The Seoul city government said it will provide 100 public day care centers, as more than 100,000 parents in Seoul are waiting their turn to send their children to day care.

The Seoul Metropolitan Government said they will open 100 new public day care centers in 23 areas in Seoul that do not have sufficient facilities by the end of the year, to provide for a large number of citizens who are waiting to receive benefits from the city government’s welfare system.

The municipal government explained that child care is much less expensive, including extracurricular activities, than private facilities and that public facilities also have better teachers.

Public teachers are paid more than private teachers, the government says, and thus more and more parents prefer sending their children to public over private centers.

But only 10.8 percent of Seoul’s day care centers are public facilities.

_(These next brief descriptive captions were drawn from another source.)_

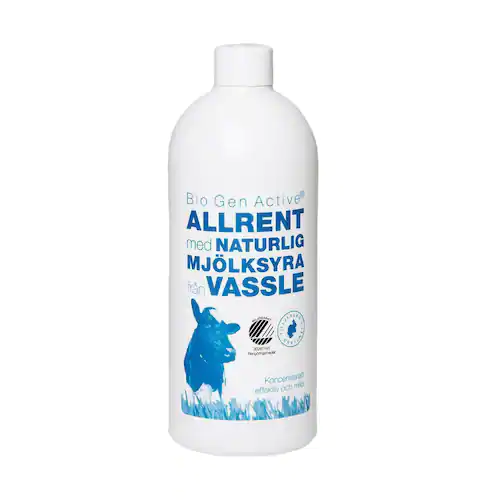 BIO GEN ACTIVE Allrent 500ml
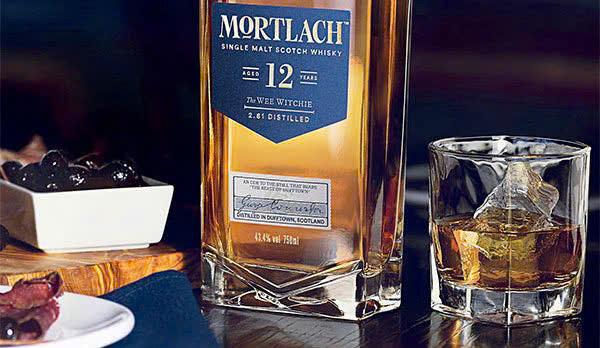 chuan vi mortlach 12 700 ml moi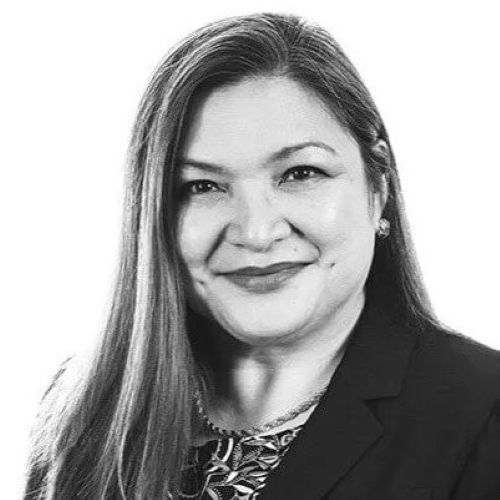 Kristine Carranceja-Gurski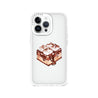 iPhone 13 Pro Cocoa Delight Phone Case - CORECOLOUR AU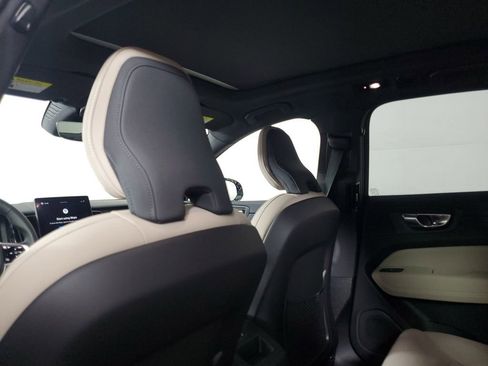 New 2026 Volvo XC60 T8 Plus w/ Protection Package Premier image 14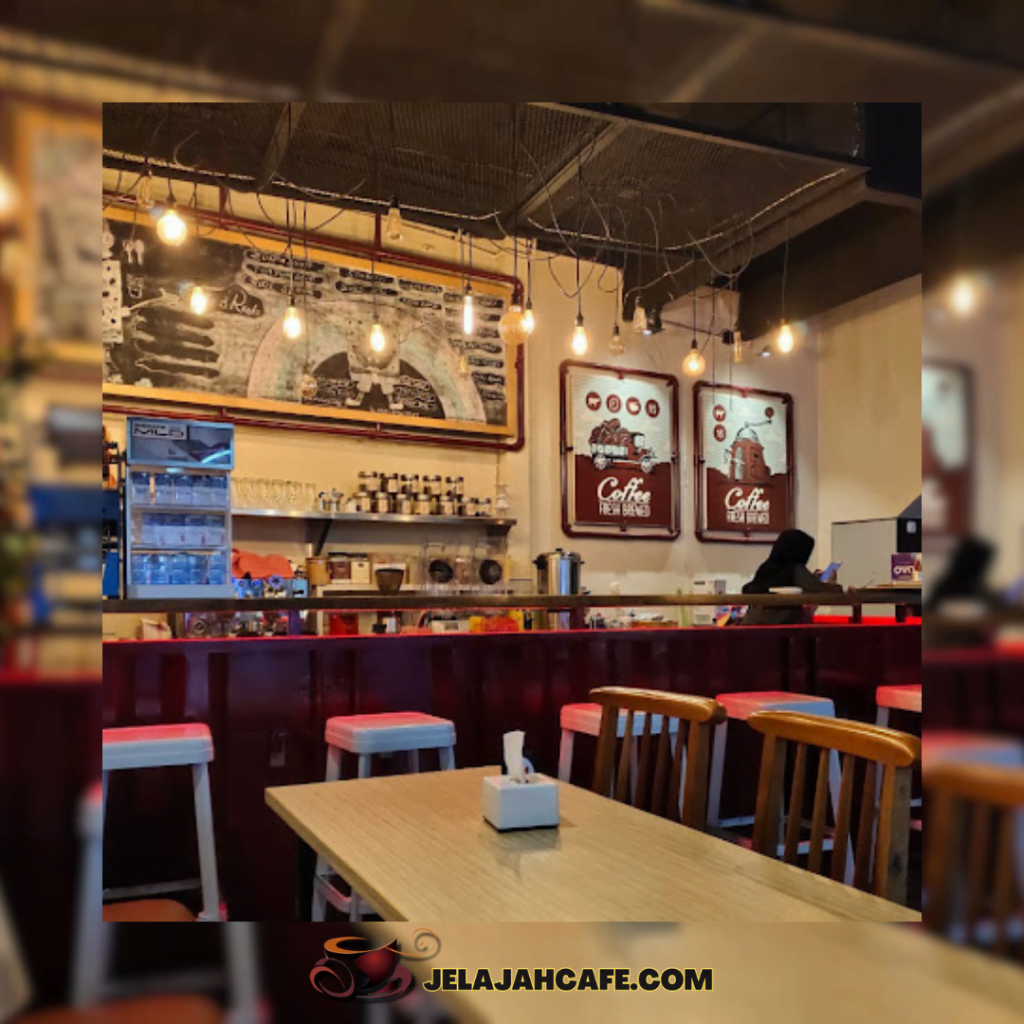 Lambada Cafe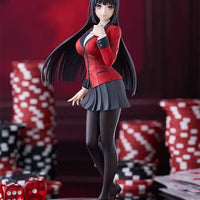 Good Smile Company POP UP PARADE Yumeko Jabami (Kakegurui XX) - Kidultverse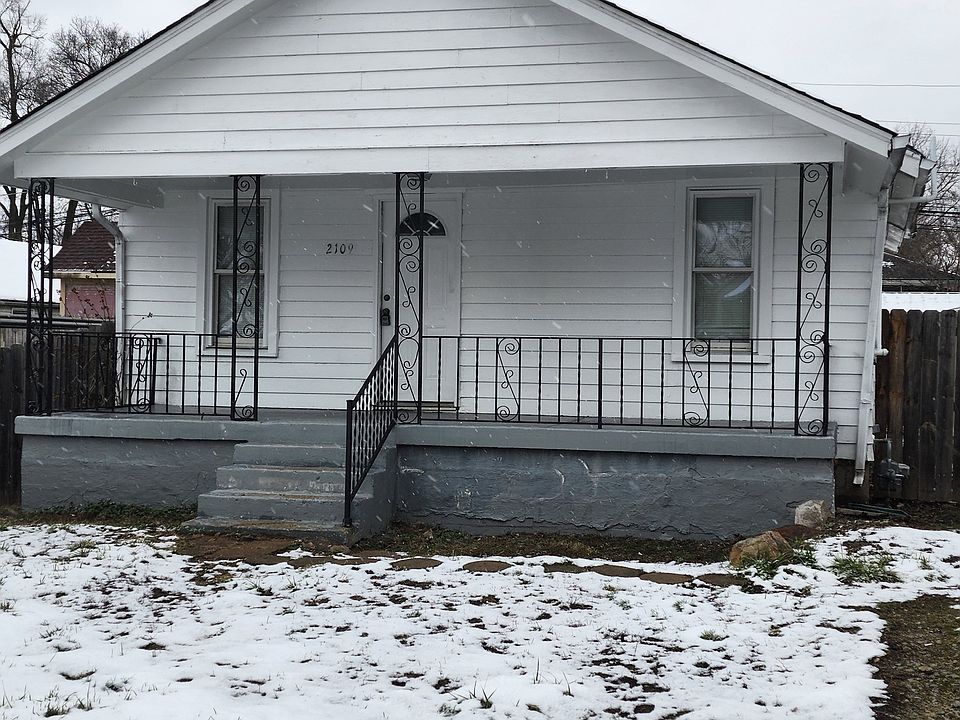 1st image of 2109 Harding Ave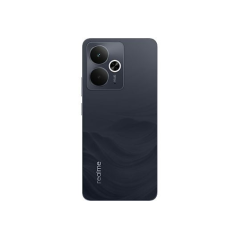Smartphone Realme 14T 5G - Écran AMOLED 6,67" 120 Hz - 8 Go de RAM - 256 Go de stockage - Double caméra 50 MP + 2 MP avec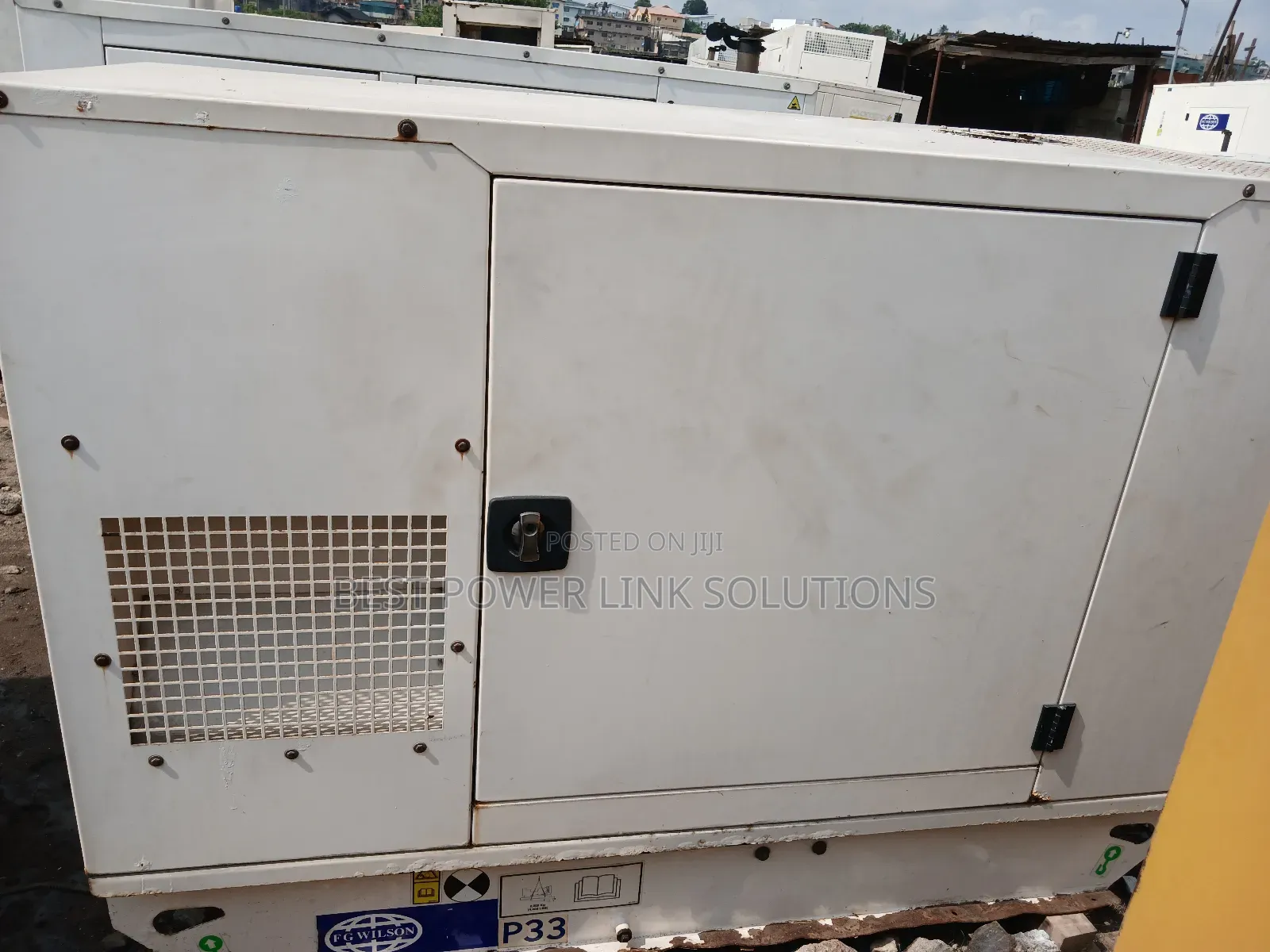 Brand New 30kva for Sale Near You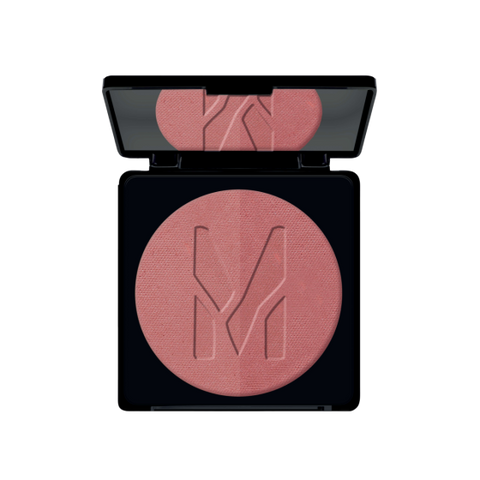 MF Artist Powder Blush blushed - no 25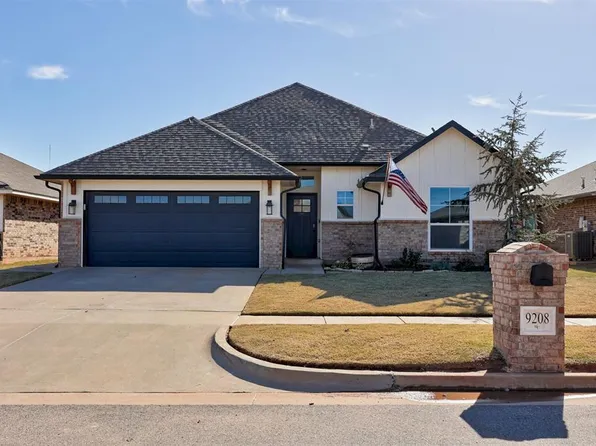 9208 SW 48th Ter, Oklahoma City, OK 73179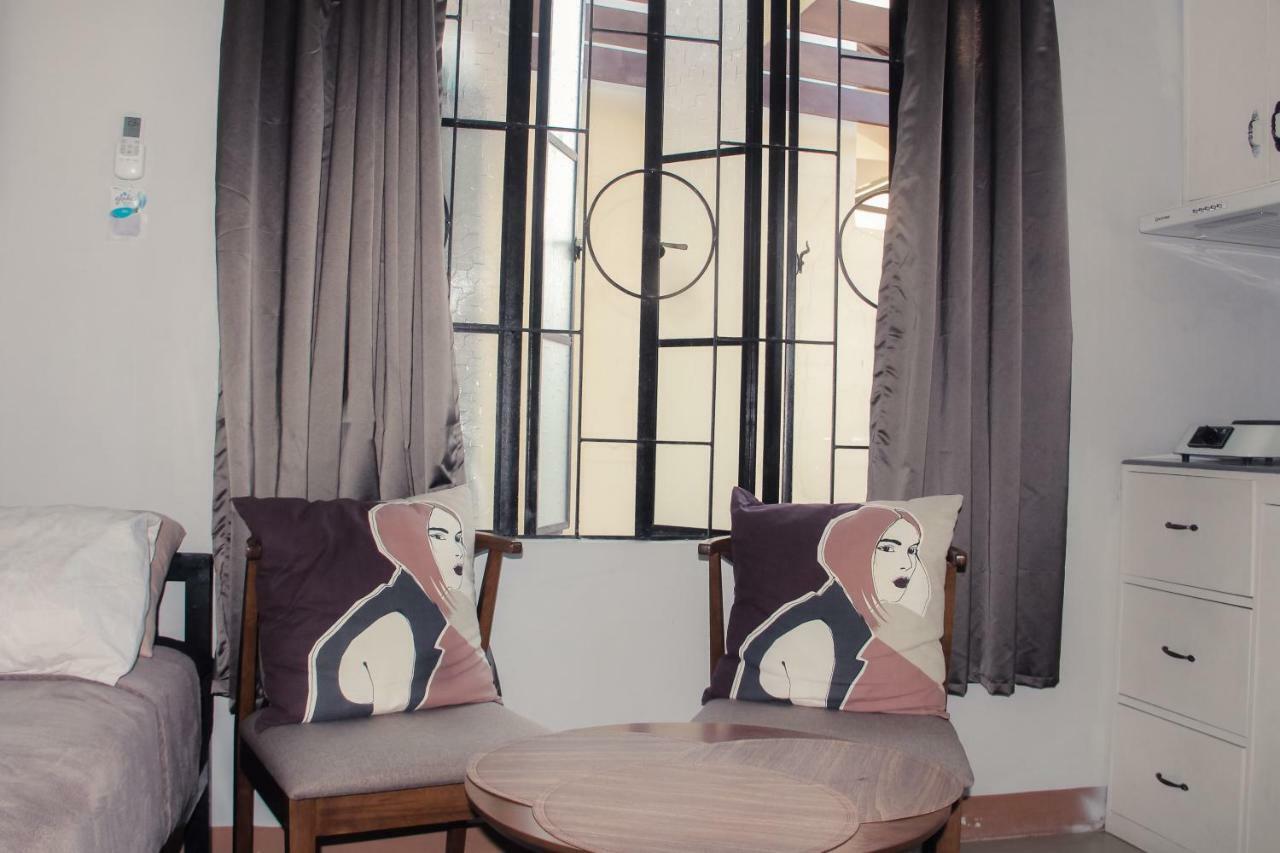 General Santos City Apartment Near Malls מראה חיצוני תמונה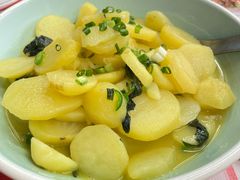 -新李记 · 口味菜馆(南郊公园店)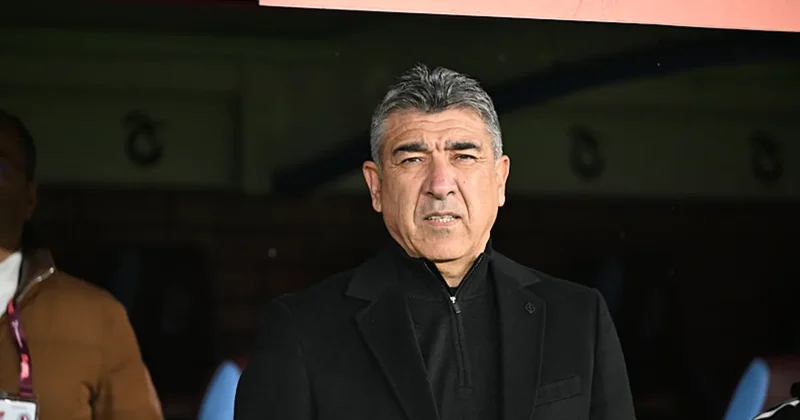 Sait Karafırtınalar: Oyun olarak kendimizi geliştireceğiz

Previously, the city government announced that it will provide at least two day care centers in every dong, or neighborhood, by the end of 2014 and said on Sunday that they will open 100 of them by the end of the year as part of the initial plan.

It estimated that about 6,000 children will be able to use such facilities.

The city government stated that those 173 areas, including Hwigyeong 1-dong, in Dongjak District, southwestern Seoul, Donam 1-dong, in Seongbuk District, northern Seoul, as well as Seocho 4-dong of Seocho District in southern Seoul, which have no public child day care centers, are priority areas for the project.

“About 22.1 percent of Seoul’s children currently use public facilities,” said Cho Hyun-ok, director of the city government’s family policy division.

“We will focus on areas that are below the city’s average.”

Cho added that areas including Seodaemun and Geumho districts in central Seoul as well as Guro District, western Seoul, have at least two public facilities, but they need additional facilities as a number of large apartment complexes were recently built.

The city government will utilize some vacant public facilities such as public libraries and recreation centers as child day care centers. The government said 19 vacant public facilities were already changed into child care centers last year.